We wanted UMass Lowell around for the longer term. We loved the association along Thoreau’s own Merrimack River with both town (as in: Kerouac, Whistler, Tsongas) and gown (as in: green chemistry, nanotechnology, and endless regeneration of immigrants and industry). We had planned with UMass over the next five years to build a community radio station around a new studio in Lowell and a new-media communications curriculum at the university.
So we put some of those dreams on the shelf, with real regret and with still more abundant thanks.
It’s not easy to get a radio show off the ground, and UMass Lowell supported us through a year and a half of a then untested concept that debuted on three stations. Support from UMass Lowell gave us time to build an audience of more than 150,000 listeners a night on thirty-one stations. Around 80,000 different people come to our website each month, from more than 150 different countries. 8,000 people download our podcasts.

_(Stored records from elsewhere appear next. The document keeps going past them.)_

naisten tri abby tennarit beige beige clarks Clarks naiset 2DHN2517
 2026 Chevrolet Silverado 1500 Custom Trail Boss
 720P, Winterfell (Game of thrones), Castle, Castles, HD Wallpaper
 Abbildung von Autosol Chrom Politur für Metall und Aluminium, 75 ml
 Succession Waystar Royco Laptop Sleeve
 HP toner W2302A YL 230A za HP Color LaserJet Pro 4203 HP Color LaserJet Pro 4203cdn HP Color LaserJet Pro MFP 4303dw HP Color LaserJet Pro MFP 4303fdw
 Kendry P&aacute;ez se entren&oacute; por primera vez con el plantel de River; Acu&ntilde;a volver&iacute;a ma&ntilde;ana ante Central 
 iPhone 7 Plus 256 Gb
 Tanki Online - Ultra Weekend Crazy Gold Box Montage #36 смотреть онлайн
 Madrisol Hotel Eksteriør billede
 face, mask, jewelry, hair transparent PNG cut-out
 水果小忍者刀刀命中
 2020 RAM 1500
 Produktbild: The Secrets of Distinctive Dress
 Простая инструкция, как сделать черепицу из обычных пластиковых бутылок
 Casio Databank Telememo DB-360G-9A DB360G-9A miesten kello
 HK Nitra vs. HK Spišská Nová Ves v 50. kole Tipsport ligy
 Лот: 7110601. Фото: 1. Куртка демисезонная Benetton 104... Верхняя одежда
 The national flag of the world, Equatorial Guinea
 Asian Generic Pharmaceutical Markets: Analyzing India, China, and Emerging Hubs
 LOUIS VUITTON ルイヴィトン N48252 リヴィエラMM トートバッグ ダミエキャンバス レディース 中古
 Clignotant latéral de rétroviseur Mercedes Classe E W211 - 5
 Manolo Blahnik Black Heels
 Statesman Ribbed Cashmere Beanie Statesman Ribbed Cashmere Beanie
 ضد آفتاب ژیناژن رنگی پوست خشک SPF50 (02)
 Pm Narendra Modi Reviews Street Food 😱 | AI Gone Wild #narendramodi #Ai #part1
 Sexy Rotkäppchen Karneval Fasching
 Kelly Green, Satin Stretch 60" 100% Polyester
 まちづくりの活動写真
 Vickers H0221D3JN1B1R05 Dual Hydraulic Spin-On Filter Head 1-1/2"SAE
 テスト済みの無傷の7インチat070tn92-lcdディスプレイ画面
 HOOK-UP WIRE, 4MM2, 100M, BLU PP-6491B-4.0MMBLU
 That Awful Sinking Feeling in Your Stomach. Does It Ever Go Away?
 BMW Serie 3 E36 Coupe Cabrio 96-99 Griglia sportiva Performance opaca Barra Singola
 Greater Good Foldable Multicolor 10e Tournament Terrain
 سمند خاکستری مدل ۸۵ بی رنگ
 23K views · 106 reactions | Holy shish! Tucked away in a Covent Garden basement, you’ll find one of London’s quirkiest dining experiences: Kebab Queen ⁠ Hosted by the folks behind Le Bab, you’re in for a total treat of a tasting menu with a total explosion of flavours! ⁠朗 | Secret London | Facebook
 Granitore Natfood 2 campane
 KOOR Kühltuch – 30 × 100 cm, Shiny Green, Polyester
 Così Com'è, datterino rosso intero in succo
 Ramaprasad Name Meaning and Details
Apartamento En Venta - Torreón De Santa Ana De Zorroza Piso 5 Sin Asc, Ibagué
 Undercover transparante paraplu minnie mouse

We are thrilled and omnidirectionally grateful to have germinated a thriving young conversation and a new global community, and we haven’t the least hesitation in promising, with your help, to keep it all growing on the air and on the page.
It goes without saying, but let’s say it just in case: We are reaching out — a little more urgently than we were last week — for new sponsors, large and small, and new ways of paying for what has always been, and will always be, a lean mean staff of professionals. We have wildly grand ambitions in the global transformation of media, which is to say: of human conversation. We need your help and encouragement as we have from the start, or maybe just a little more so.
In the meantime, count on smart interactive radio and web content like the show on how to watch football we have scheduled for tonight.